Russia’s emergent middle class, like its Western analogues, is instinctively conservative in sentiment. “Their key concerns are continuity and stability: to keep things going as they were before to make sure everything is fine,” said VTsIOM’s Olga Kamenchuk. Much of United Russia’s success is built on its ability to woo those sentiments, and with remarkable success. “They support United Russia as the party which more or less provides for stable development; that is also why they were in favor of the idea of Dmitry Medvedev becoming president,” said Kamenchuk.

The middle class is thus singularly important as a source of popular support for United Russia. Other areas of policy reflect this - the government’s strategy for socio-economic development to 2020, approved by Prime Minister Vladimir Putin last week, outlines plans to expand the segment to 50 percent of the population. That suggests that Surkov’s message, in all its simplicity and directness, is quite sincere; for United Russia the middle classes must be protected.

But recognizing a problem is not the same as finding a solution for it. Moscow Carnegie Centre’s Nikolai Petrov, who is following the social and political impact of the crisis, believes that fully protecting the middle class from all harm is probably impossible. In that case, the government’s constant assurances could backfire. “It is inevitable that at a time of crisis the government’s ratings will fall; and the longer the government plays down the crisis, the greater the disappointment will be when it hits,” he said.

Worse, Petrov worries that even while playing down the crisis the government is procrastinating on taking real action. “They are still trying to implement policies in all directions, which is when what they really need to be doing is setting priorities,” he said. Surkov’s speech, while obviously playing a public role of reassurance, may also be tentatively welcomed as an attempt to start setting such priorities. Again, this is supported more by the fact the “grey cardinal” delivered the message, than by its content. “When Surkov says something in public it means he has a message he wants to send. And that message is not just for the party mainstream; it is addressed to all levels,” noted Petrov.
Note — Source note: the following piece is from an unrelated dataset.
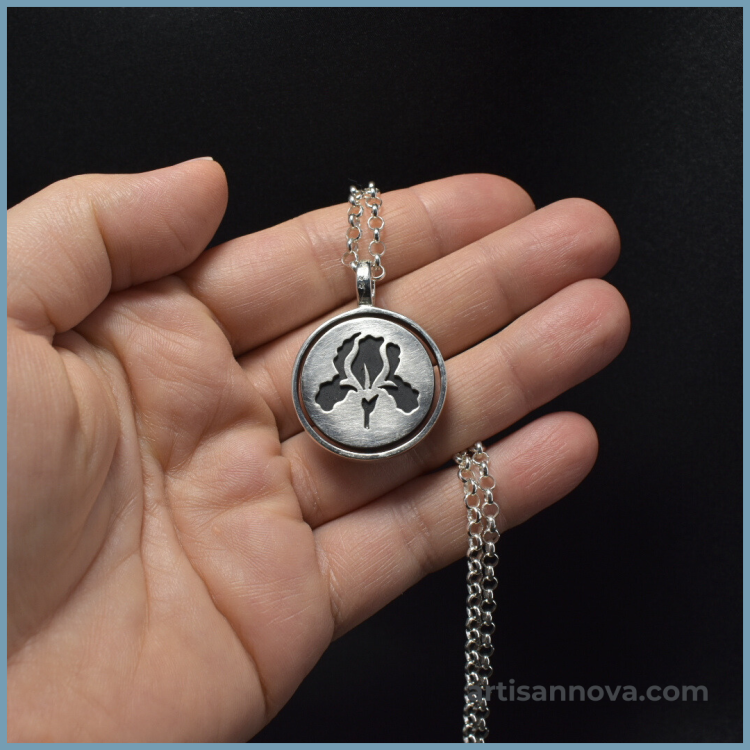 naszyjnik-srebro-925-irys-w-dloni-artisan-nova.jpg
Whether he will succeed is doubtful. If the impending crisis is as long and serious as many experts anticipate, the middle class will certainly suffer, though the blows may be in some way cushioned. The question from Surkov’s (and United Russia’s) point of view is how much of a battering the middle classes can take before they lose their customary docility. Pessimism about the economy has not yet translated into discontent with the ruling party. VTsIOM’s social well being indexes, which track people’s confidence in the future, have all taken a dive in past weeks – with the exception of the political index. That could well change, but how or when is one of the great unknowns of the coming year.